Select to either Allow or Reject traffic for this traffic condition.

SSL Proxy Action

Select to either Intercept (decrypt) or Bypass (not decrypt) TLS traffic for this condition.

Service Chain

Select a service chain to process traffic for this condition.

Click the OK button. Repeat this process for any additional rules.

Optionally enable the Server Certificate Status Check option if a blocking page response is required for untrusted or expired server certificates. As this is an inbound topology, the server is also typically an internal resource, thus may not possess a publicly-issues certificate. It is not usually appropriate to enable this option for reverse proxy topologies.

Click Save & Next to proceed.


Interception Rule

User Input

Interception Rules define this as a gateway or application mode deployment.

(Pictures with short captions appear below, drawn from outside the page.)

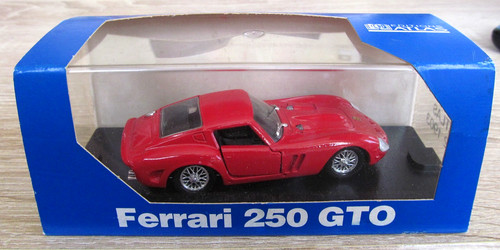 Miniature ferrari 250 gto - ferrari,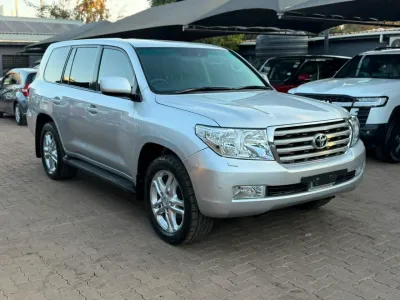 Toyota LandCruiser 200 Series, 2011 Model, Mileage @ 170,000km, 4.5D4D V8 Diesel Engine, Auto 4x4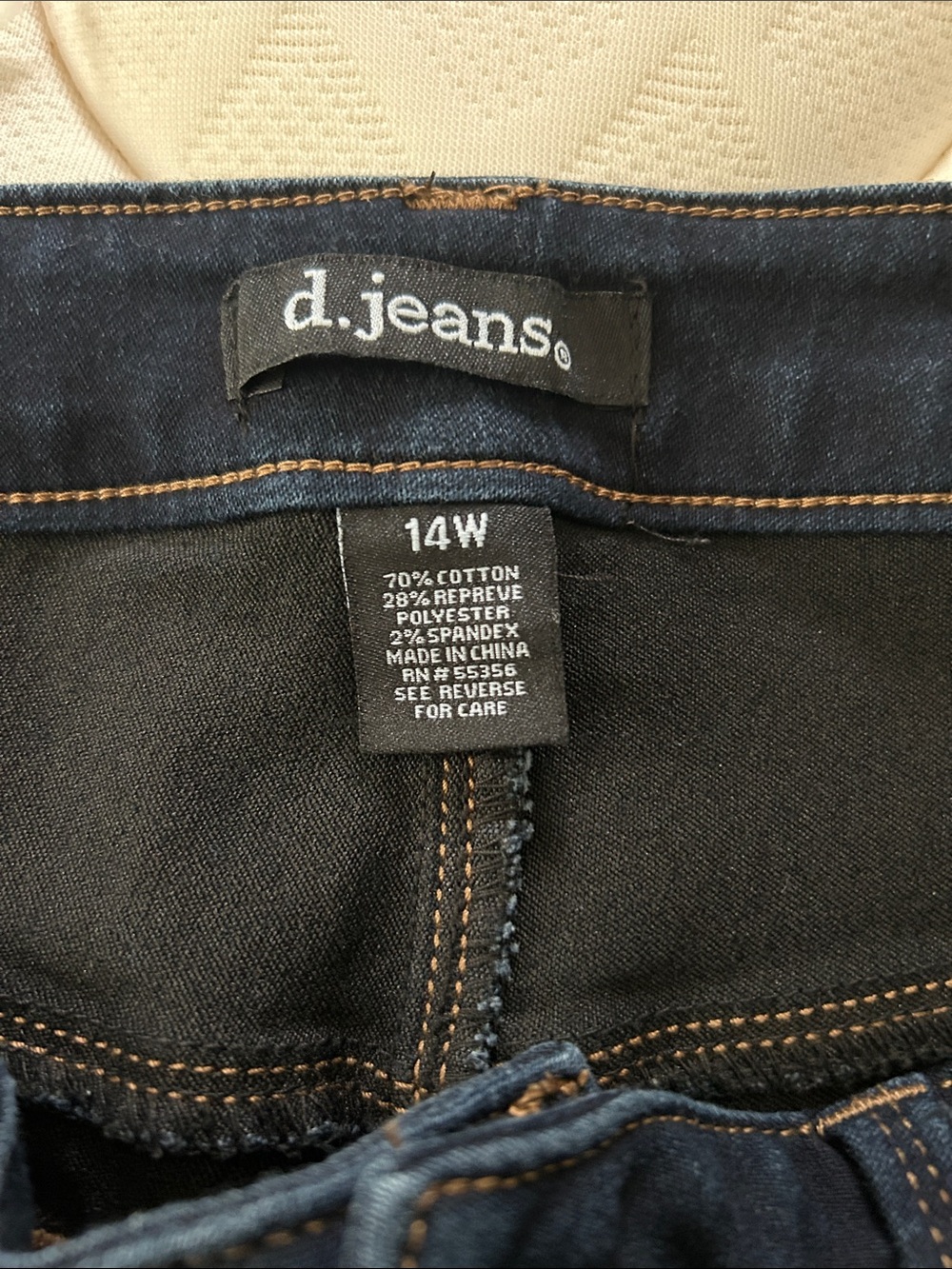 d. jeans Dark Blue Denim Capris with Contrast Stitching - Picture 3 of 5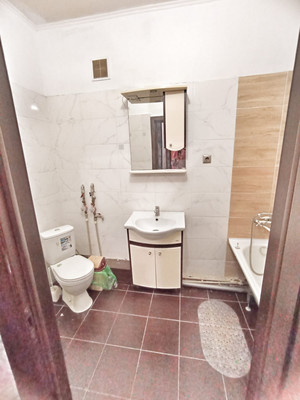 Продам двухкомнатную (2-комн.) квартиру, им. Сергея Есенина ул, 82/4, Краснодар г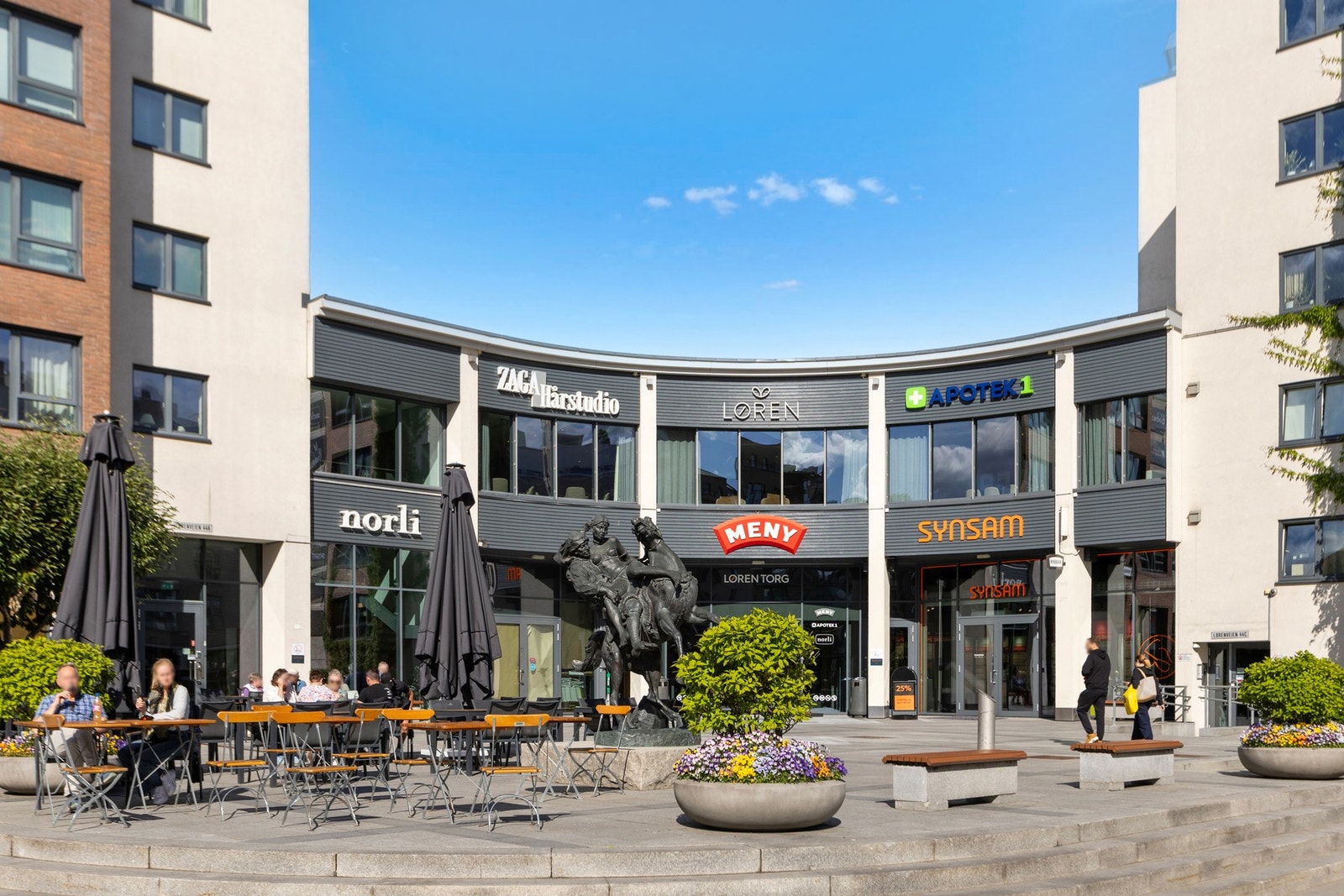 Løren torg en liten tur unna med dagligvare og en haug av spisesteder mm. Galleribilde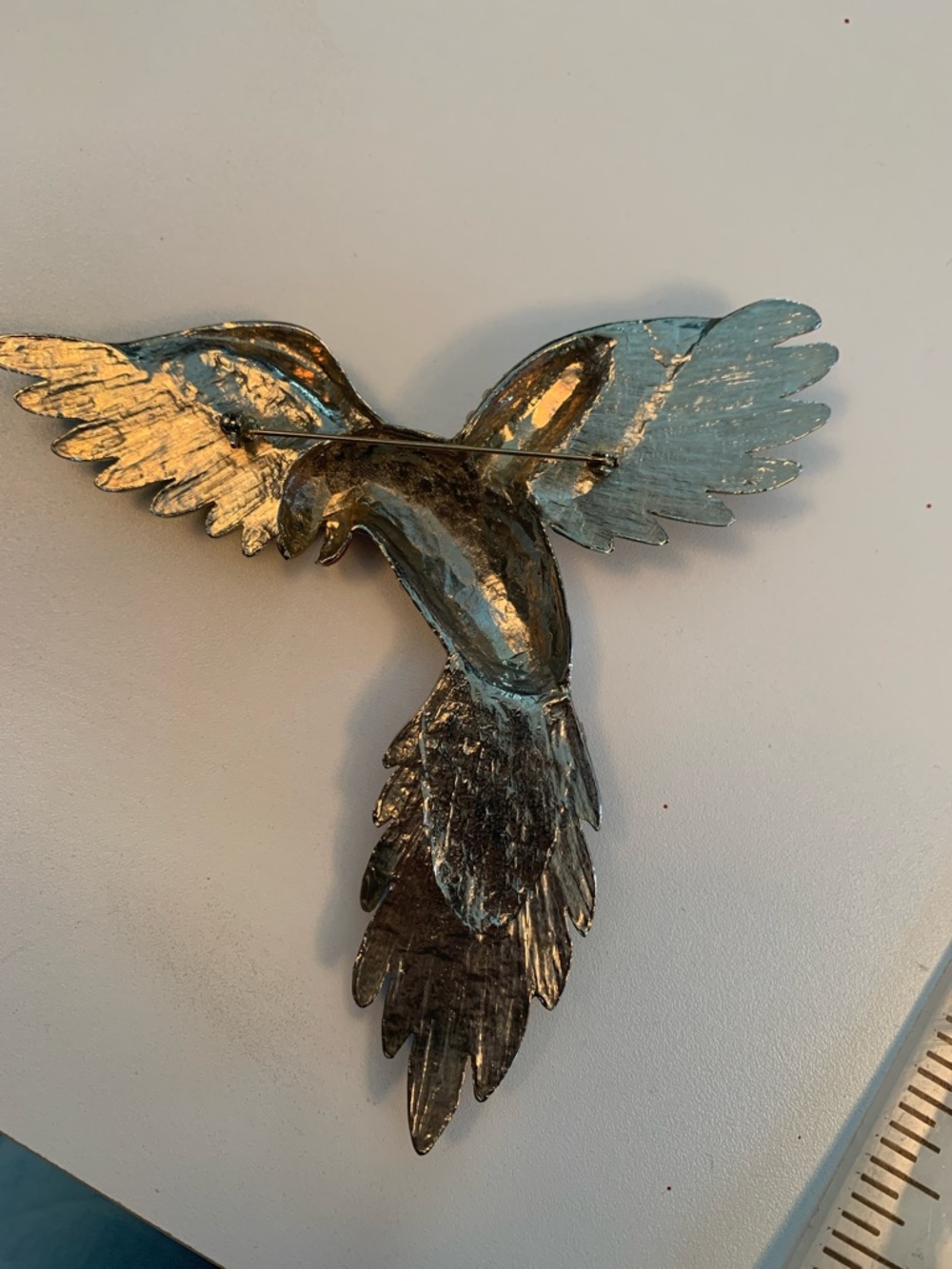 Vintage Parrot Brooch - Green Blue Multi-Color Accent - Picture 2 of 3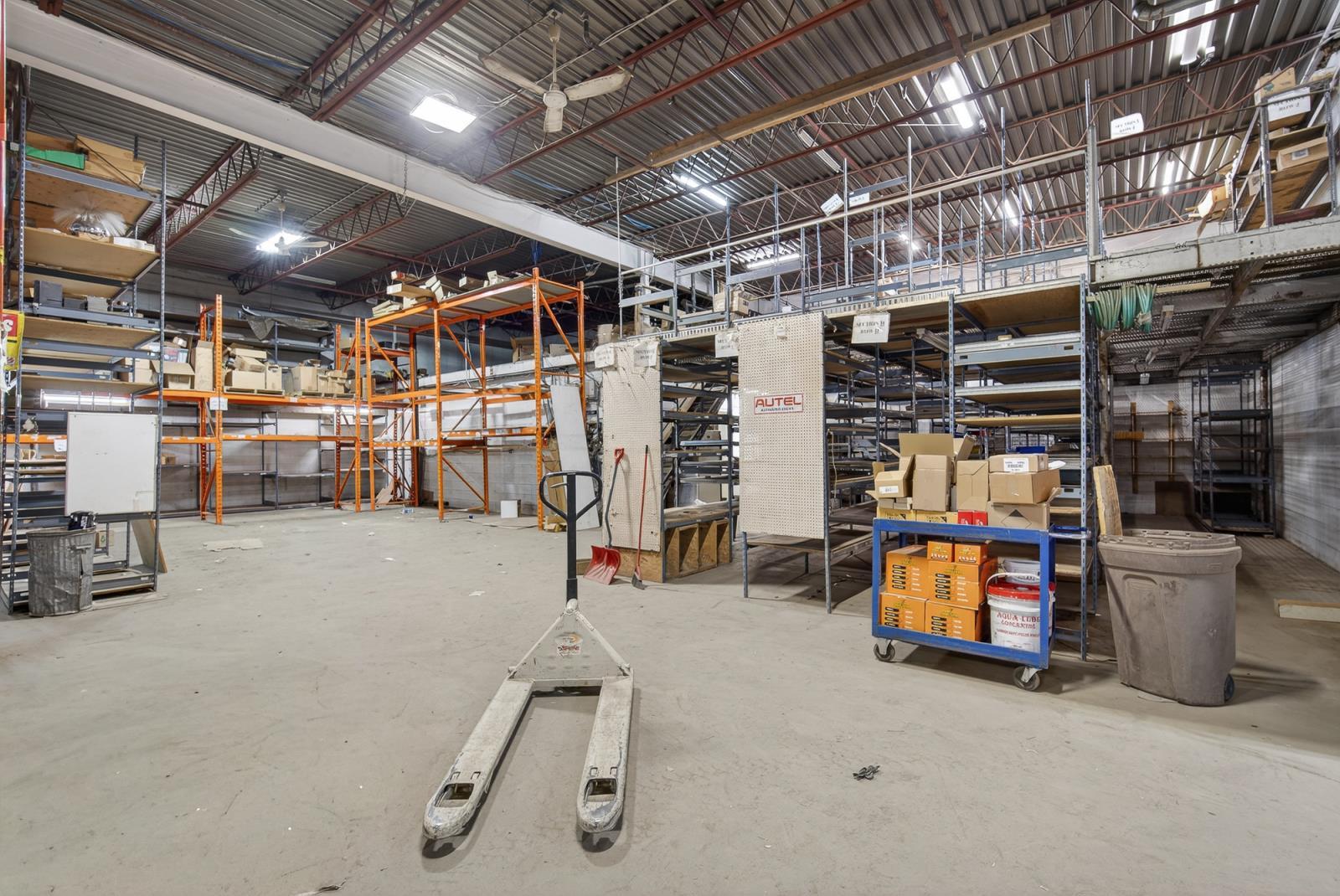 32 Rayborn Crescent, St. Albert, AB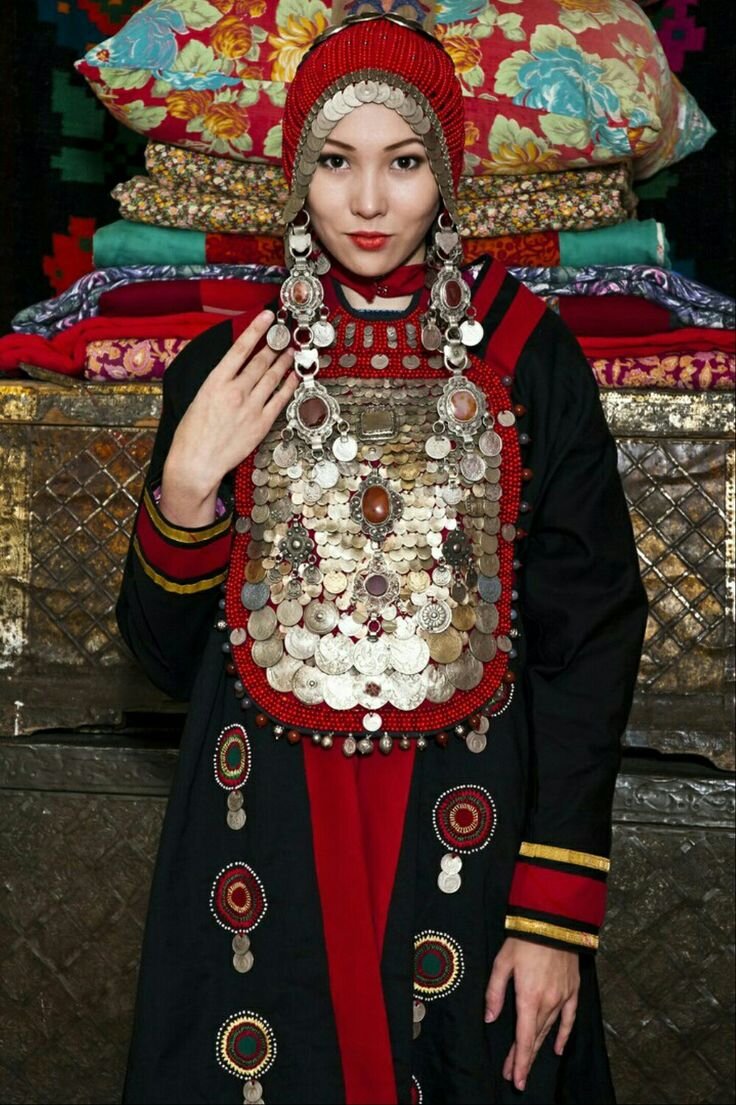Башкирка в национальном костюме 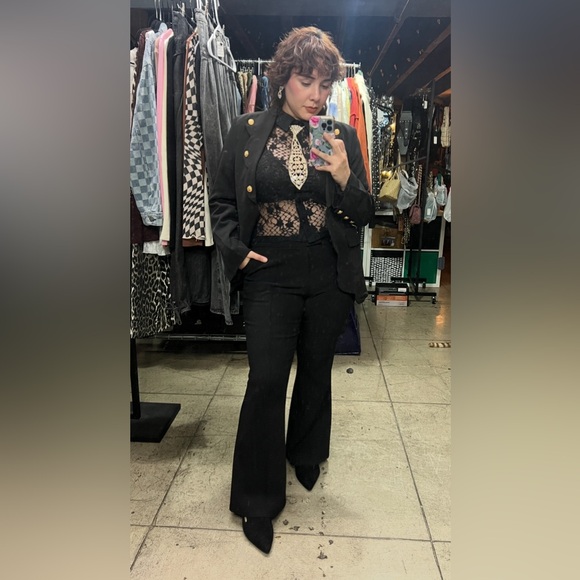 25B. Floral Lace Button Front Blouse - Black - Picture 6 of 7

Gateway mode (Enable Hide Advanced Setting)

Description

Optionally enter a description.

Source Address

This defines a matching source address pattern for ingress traffic flows. The default 0.0.0.0%0/0 pattern matches all inbound traffic (on route domain 0).

Destination Address/Mask

This defines a matching destination address pattern for inbound traffic flows. The default 0.0.0.0%0/0 pattern matches all inbound traffic (on route domain 0).

Port

This defines a matching destination port for inbound traffic flows. It may be desirable to only process HTTP port 80 or HTTPS port 443 for example. The default 0 port pattern processes outbound traffic on any port.

Access Profile

This defines the security policy that will process traffic based on traffic matching rules. This will default to the previously created security policy.

VLANs

This defines the client facing VLANs that this topology will listen on.

SSL Configurations

In gateway mode, multiple SSL configurations can be selected. The BIG-IP will dynamically select the correct SSL configuration based on the incoming TLS Client Hello Server Name Indication (SNI) value from the client.

Client TCP Profile

This defines the specific client TCP profile to use.

Verified Accept

Enable the Verified Accept option if you would like the BIG-IP to send a reset packet in response to a new TCP connection when a virtual server is unavailable. When the Verified Accept option is enabled, the BIG-IP verifies that the pool member is available to accept the connection by sending the server a SYN before responding to the client SYN with a SYN-ACK; enabling this option causes a server-side load balancing decision to be made before the client-side connection setup has completed when the virtual server is available.

L7 Profile Type

This provides an option to add protocol-specific filters.

L7 Profile

This allows you to select a specific protocol filter.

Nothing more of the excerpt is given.